I do not believe this workaround is formally correct - because the plugin is allowed to continue moving the file pointer via the file descriptor it got.  As a practical matter, I found by setting debug breakpoints that the current plugin only moves the file pointer in claim_file_handler, so protecting the pointer around that call resolved the issue.

- I attached above a standalone example to reproduce the problem, however I can only get it to happen on macOS.  On Fedora everything runs fine.

gcc is 8.1, binutils built from 2.30 (same happens on git master)

On macOS the output is
/usr/local/bin/gcc -flto -c -o a.o a.c
/usr/local/bin/gcc -flto -c -o b.o b.c
/usr/local/bin/gcc -flto -c -o c.o c.c
/usr/local/bin/gcc-ar cr libarch.a a.o b.o c.o
/usr/local/bin/gcc -nostdlib -flto -o main main.c -L . -larch
./libarch.a: error adding symbols: Malformed archive
collect2: error: ld returned 1 exit status
make: *** [all] Error 1

I had to use -nostdib on macOS because it's a cross compiler and I don't have the runtime, but it doesn't matter because the "Malformed archive" error is encountered *before* other errors about unfound entry point or undefined printf.

The size of stdio FILE buffer is 4096 (it's the same on Fedora)
a.c is cooked up so inside libarch.a the ar_hdr for b.o is split across the 4096 position boundary.
Here is what happens exactly:
- First LD scans and processes a.o inside libarch.a using fseek/fread.  To do this, stdio reads a 4096 buffer managed through FILE and caches 4096 as the file pointer.
- Eventually a.o is passed down to claim_file_handler.  The plugin re-processes a.o using lseek/read, with the file pointer ending up at the end of a.o inside libarch.a instead of at 4096.
- Then it goes back to process b.o.  At this point stdio FILE has a 4096 byte buffer and believes the file pointer is at 4096.
- b.o ar_hdr starts a few bytes below 4096, which is in the cached buffer.  fseek is called to move to b.o header - Since it's in the buffer, fseek does not lseek, but positions its internal pointer.
- then fread is called to read the ar_hdr for b.o.  The few bytes in the cached buffer are copied.  Then fread, believing the file pointer to be at 4096, reads another 4096, but from the wrong location in the file.
- Because the wrong location was read, the ar_hdr for b.o ends up being read corrupted which is why it breaks with "Malformed archive".

So even if you can't reproduce it, this is what happens and you can follow it by adding printfs to ld code (or running in debugger).

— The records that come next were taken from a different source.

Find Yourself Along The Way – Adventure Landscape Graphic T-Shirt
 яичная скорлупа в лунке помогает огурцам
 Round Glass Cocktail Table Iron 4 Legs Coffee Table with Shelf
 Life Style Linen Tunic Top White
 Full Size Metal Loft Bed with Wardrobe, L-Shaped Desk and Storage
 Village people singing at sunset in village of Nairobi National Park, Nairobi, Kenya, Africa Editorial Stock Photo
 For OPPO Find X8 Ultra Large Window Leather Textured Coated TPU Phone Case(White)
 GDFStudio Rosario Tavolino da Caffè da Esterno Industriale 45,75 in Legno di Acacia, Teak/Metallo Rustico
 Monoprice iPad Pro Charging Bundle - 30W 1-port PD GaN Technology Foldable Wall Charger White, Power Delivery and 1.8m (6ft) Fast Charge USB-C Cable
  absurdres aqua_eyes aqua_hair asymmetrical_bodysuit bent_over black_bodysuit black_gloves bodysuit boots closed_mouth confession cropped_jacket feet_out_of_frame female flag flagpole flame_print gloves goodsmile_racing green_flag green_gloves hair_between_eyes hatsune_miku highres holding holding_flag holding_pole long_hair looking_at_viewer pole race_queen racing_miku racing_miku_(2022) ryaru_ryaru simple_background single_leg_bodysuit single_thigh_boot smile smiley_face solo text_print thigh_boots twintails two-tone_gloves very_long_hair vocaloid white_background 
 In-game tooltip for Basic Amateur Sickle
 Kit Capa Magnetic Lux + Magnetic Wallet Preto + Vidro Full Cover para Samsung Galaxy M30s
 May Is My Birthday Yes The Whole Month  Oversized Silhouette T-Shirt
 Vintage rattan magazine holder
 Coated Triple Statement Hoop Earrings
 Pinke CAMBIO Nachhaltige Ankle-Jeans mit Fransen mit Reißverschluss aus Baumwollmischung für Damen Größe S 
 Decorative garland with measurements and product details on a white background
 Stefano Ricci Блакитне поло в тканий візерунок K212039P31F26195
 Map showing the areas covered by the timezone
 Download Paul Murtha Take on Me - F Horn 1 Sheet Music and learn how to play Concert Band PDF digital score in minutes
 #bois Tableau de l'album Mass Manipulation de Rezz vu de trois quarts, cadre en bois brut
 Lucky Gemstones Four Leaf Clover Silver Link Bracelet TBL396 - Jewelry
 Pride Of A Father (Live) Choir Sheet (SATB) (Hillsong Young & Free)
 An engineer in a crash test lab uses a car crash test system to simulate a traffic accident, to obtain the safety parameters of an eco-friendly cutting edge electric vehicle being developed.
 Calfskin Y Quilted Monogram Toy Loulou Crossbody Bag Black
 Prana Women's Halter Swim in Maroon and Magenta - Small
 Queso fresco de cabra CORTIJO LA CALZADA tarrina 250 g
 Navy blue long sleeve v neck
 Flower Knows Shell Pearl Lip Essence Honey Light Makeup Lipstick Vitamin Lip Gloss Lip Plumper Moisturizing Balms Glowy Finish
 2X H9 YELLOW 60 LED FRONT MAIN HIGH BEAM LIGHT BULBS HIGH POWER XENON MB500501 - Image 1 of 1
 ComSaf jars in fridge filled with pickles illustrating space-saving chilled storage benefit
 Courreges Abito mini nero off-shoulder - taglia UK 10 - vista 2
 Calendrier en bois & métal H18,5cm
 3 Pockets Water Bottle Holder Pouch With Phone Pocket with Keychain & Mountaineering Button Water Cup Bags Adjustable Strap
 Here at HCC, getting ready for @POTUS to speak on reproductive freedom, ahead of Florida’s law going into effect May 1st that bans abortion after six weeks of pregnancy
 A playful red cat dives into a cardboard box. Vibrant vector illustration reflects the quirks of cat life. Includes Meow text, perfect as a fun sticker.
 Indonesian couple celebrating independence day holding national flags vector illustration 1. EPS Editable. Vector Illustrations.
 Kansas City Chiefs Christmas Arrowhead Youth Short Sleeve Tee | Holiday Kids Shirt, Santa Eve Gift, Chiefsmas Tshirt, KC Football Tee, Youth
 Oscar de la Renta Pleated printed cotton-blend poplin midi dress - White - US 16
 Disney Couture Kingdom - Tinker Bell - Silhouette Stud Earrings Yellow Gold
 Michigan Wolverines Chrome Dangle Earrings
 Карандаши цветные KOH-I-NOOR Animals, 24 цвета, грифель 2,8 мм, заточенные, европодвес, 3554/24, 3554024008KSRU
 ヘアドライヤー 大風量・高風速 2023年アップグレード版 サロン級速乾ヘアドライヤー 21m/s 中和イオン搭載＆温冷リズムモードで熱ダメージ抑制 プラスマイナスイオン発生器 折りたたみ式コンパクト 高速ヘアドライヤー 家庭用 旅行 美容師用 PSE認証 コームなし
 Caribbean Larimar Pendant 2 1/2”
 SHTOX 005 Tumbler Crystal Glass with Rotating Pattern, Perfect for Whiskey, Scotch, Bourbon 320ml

It doesn't break on Fedora and I'm not sure why.  One possibility is that the pre-canned binaries are patched somehow.  The other possibility is that Fedora fseek always calls lseek when moving to b.o ar_hdr which prevents the glitch.

Regards.
Comment 4 Sourceware Commits 2018-06-05 13:10:47 UTC
The master branch has been updated by Alan Modra <amodra@sourceware.org>:

https://sourceware.org/git/gitweb.cgi?p=binutils-gdb.git;h=27b0767593284f97384b3597ebd211164f8c8b47

commit 27b0767593284f97384b3597ebd211164f8c8b47
Author: Alan Modra <amodra@gmail.com>
Date:   Tue Jun 5 21:04:00 2018 +0930

    PR23254, ld.bfd mishandles file pointers while scanning archive
    
    Best practice is to not mix lseek/read with fseek/fread on the same
    underlying file descriptor, as not all stdio implementations will cope.
    Since the plugin uses lseek/read while bfd uses fseek/fread this patch
    reopens the file for exclusive use by the plugin rather than trying to
    restore the file descriptor.  That allows the plugin to read the file
    after plugin_call_claim_file too.
    
    bfd/
    	PR 23254
    	* plugin.c (bfd_plugin_open_input): Allow for possibility of
    	nested archives.  Open file again for plugin.
    	(try_claim): Don't save and restore file position.  Close file
    	if not claimed.
    	* sysdep.h (O_BINARY): Define.
    ld/
    	PR 23254
    	* plugin.c (plugin_call_claim_file): Revert 2016-07-19 patch.
    	(plugin_object_p): Don't dup file descriptor.
Comment 5 Alan Modra 2018-06-05 13:30:55 UTC
I believe the patch I've just committed should fix your problem, but the testcase doesn't fail for me even though the archive I construct does see a header crossing over a 4k boundary.
Comment 6 zenith432 2018-06-05 16:09:07 UTC
I built from latest head commit 5c4ce239a (one after 27b076759) and verified on macOS that it fixes the problem and ld works.